As we begin the new year and find ourselves in times of uncertainty, we are often faced with questions about how our decisions are made. Our school communities expect transparency, and while we can’t be all things to all people or give everyone what they want, we do our best to provide clear answers to questions that come our way. Additionally, when we make decisions – financial, program, or otherwise – we always do our best to keep the classroom experience and programming at the heart of those decisions. Sometimes, however, it is difficult to provide every detail and cover every nuance in our explanations.
We all know about the challenges in our schools and communities these days as a result of protracted and ongoing negotiations between the province and unions. The impact of this conflict in our schools cannot be denied. It is simply not business as usual, with many activities and events being curtailed or cancelled. This is true in both elementary and secondary schools alike at this time. We are seeing everything from report cards being interrupted, to lunch programs and field trips being cancelled, and of course, a significant impact on extra-curricular activities of all types being affected. Again, these things are not exclusive to elementary or secondary schools. Rather the negative impact of strike activity is being felt across all grades and in different ways. We also recognize and acknowledge the hardship on our students and families when we have to close schools on days when there is a full withdrawal of services.
In Trillium Lakelands District School Board (TLDSB), senior administration has taken the step of requesting that all secondary extra-curricular activities be scheduled outside of the instructional day. We have been informed by one sports association that secondary extra-curricular sporting events may not be rescheduled. We know this is unpopular, as it has resulted in teachers not being released from their teaching duties to participate with students in league play or tournament events during the instructional day. We did not take this decision lightly and are aware that this is not an ideal situation. It is important to note, however, that our decision was made with the goal of protecting classroom programming to the fullest extent possible. For us, this means we want to make use of the limited number of secondary supply teachers to support classroom programming first and foremost.
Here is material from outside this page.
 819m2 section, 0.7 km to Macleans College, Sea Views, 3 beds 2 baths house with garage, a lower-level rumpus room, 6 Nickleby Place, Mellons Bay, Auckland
We have been asked why we need supply teachers when this was not a problem a month or two ago. The simple answer is, that up until recently, secondary teachers would cover classes as part of their collective agreement responsibilities. These “on calls” allow schools generally, though not always, to have enough staff to cover absent teachers, for whatever reason, including participation in field trips and sporting events in addition to other reasons that may cause someone to be absent from work. Recently, the Ontario Secondary School Teachers Federation (OSSTF) has indicated that “on calls” for teachers will be struck work as part of job sanctions, and that teachers will no longer cover classes for absent colleagues. This is an unfortunate turn of events, and unacceptable to TLDSB administration, given the status of “on calls” in our local collective agreement. The impact of this is that all secondary teacher absences must be covered by occasional (supply) teachers or by school administration in the event there are not enough occasional teachers available.
We have also been asked why we don’t have enough occasional teachers to cover our classes. There isn’t a simple answer to this, and there are many variables that impact our ability to cover classes with occasional teachers. For example, we cannot predict how many teachers might be away on any given day. Illness, personal leave, bereavement, and other factors play a role in all our lives, and teachers are no different. For TLDSB, the ongoing challenge is being able to cover classes when these things occur. By reducing or eliminating the known absenteeism of our staff, we feel we are in a much better position to adequately maintain classroom programming.
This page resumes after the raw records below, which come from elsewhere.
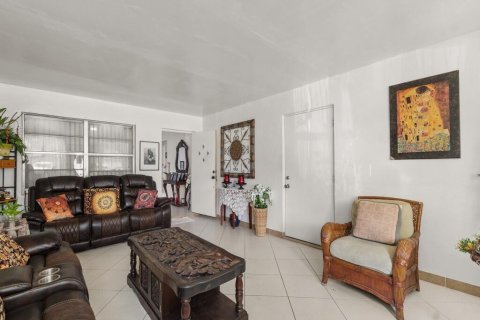 Villa ou maison à vendre à St. Lucie, Floride: 3 chambres, 216 m2 № 2183856 - photo 4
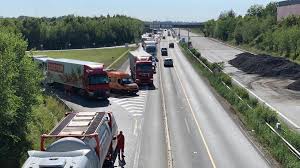 Sdělila to mluvčí technické správy komunikací (tsk) barbora lišková. Na D11 Za Prahou Havarovala Dodavka S Autobusem Doprava Smerem Na Hradec Kolabuje Blesk Cz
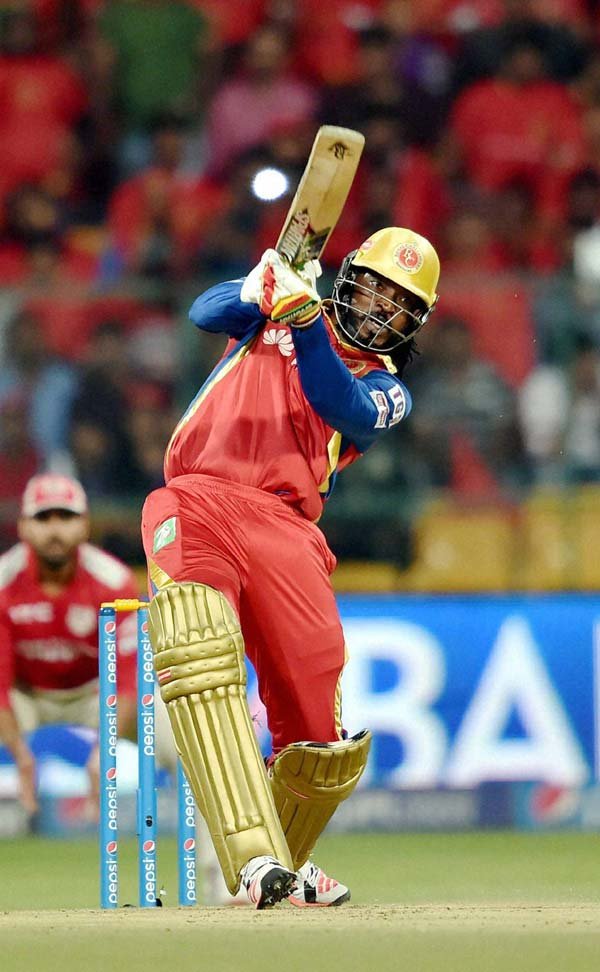 क्रिस गेल, क्रिस गेल शतक, क्रिस गेल फोटो, रॉयल चैलेंजर्स बेंगलूर, Chris Gayle, Chris Gayle Batting, Chris Gayle Century, Chris Gayle Ton, Chris Gayle Dance, Chris Gayle IPL, IPL 8, IPL 2015, IPL News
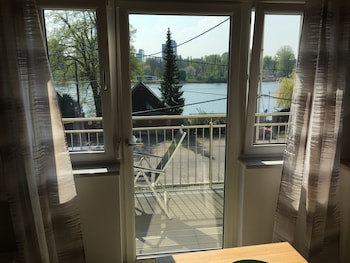 Ajo Vienna Garden - Contactless Check-In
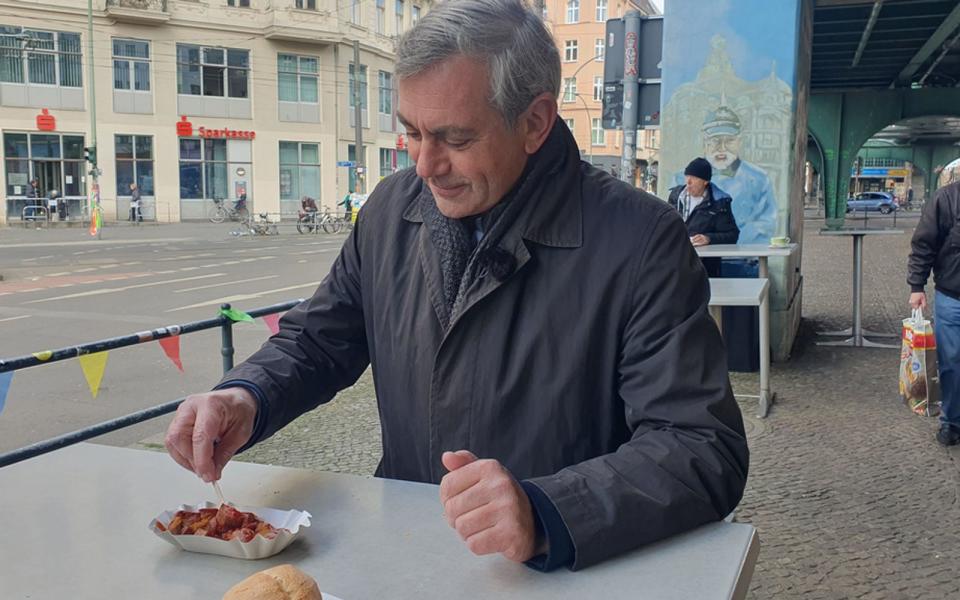 Wladimir Kaminer testet eine Original Berliner Currywurst (Bild: ZDF / Nadja Kölling)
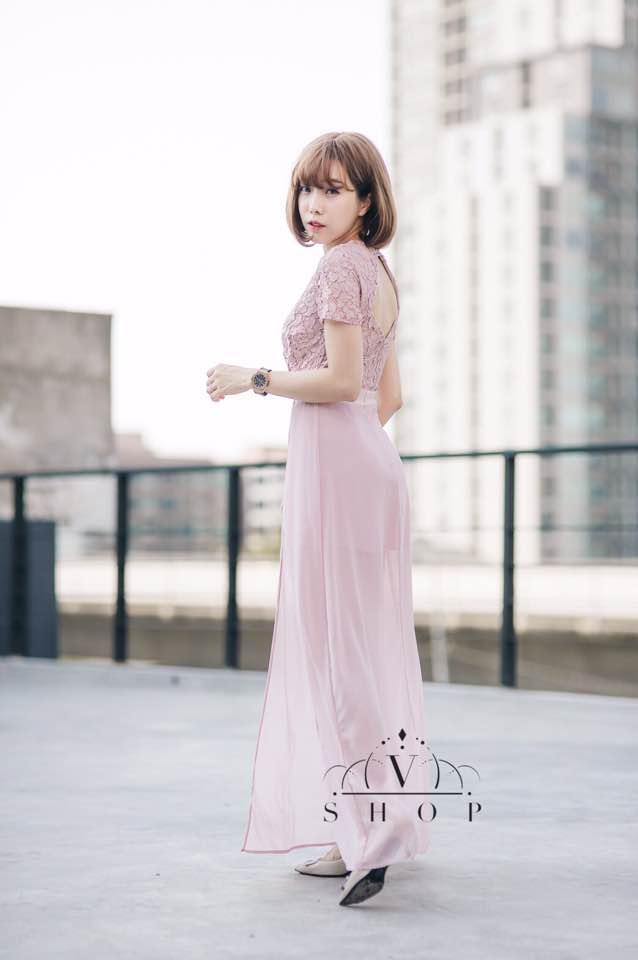 ชุดเดรสออกงาน/ไปงานแต่งงานสีชมพู เดรสกางเกงขาสั้นสีชมพู แต่งผ้าคลุมสุดเก๋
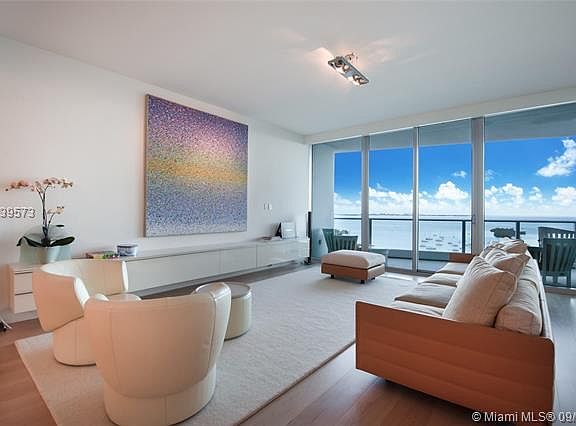 3rd image of 2627 Bayshore Dr APT 2003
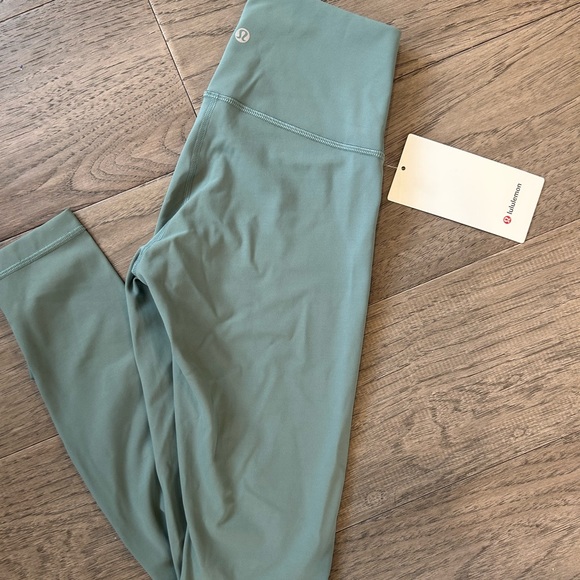 Lululemon leggings Size 4 - Picture 2 of 2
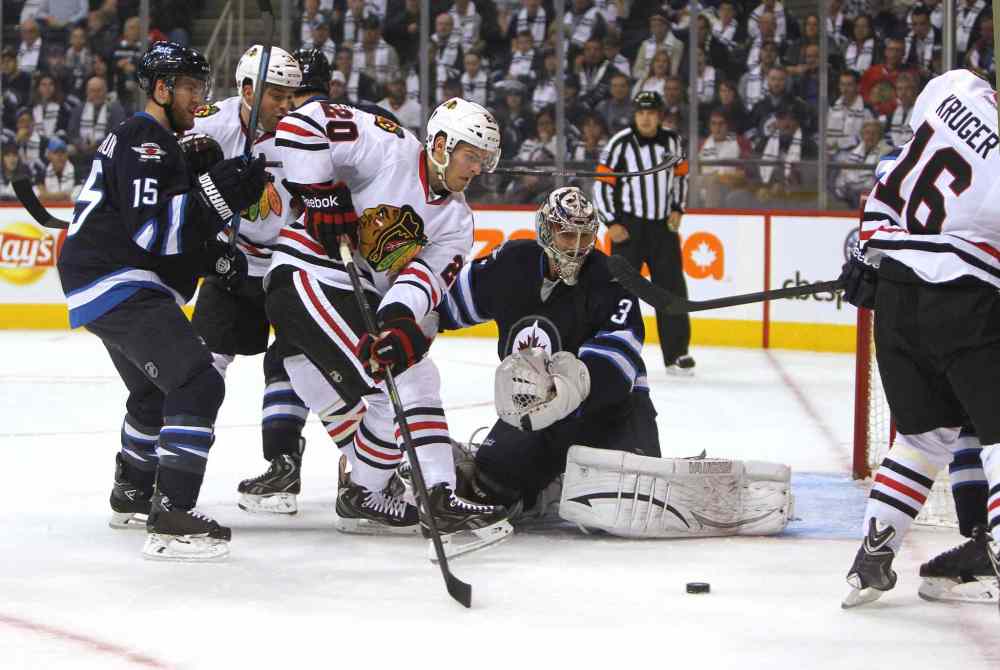 Ruth Bonneville / Winnipeg Free Press
Chicago Blackhawks' Brandon Saad tries to shoot the puck into the Jets' net during the first period Saturday.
It is important to note that our collective agreement with OSSTF speaks to only allowing a certain number of occasional teachers to be included on the roster for the system. Our agreement includes counting long term occasional and part time permanent teachers, as part of this roster. This has been highly problematic for TLDSB for many years, and there are many examples of not having enough “available” occasional teachers on any given day over the years. Availability can be impacted by many factors, including having people on multiple school board lists, such as neighbouring school boards, people on our lists who have competing interests for their time, such as extended periods of time away from the board, or people accepting work in other schools or boards. Inclusion of part time permanent teachers and all long term occasional teachers, as part of our overall allowable number in our collective agreement also limits the number of available occasional teachers we may have on any given day. We have been asked why we don’t simply hire more occasional teachers. The answer is quite simple in that we take honouring collective agreements with our union partners very seriously.
When these factors combine, it does create a significant concern for us in terms of covering classroom programming. We have heard from many passionate individuals who care deeply about the extra-curricular programs in our schools. We have also heard from those who have passionately appealed to us to ensure their students continue to receive the excellent classroom programming they have been accustomed to in our schools. Managing everyone’s expectations is often difficult, and not something we take lightly. It is our hope that the parties involved in the current labour disputes can find the way forward and reach a reasonable resolution. Our students deserve to be in classrooms. They deserve a well-rounded school experience and a quality extra-curricular program.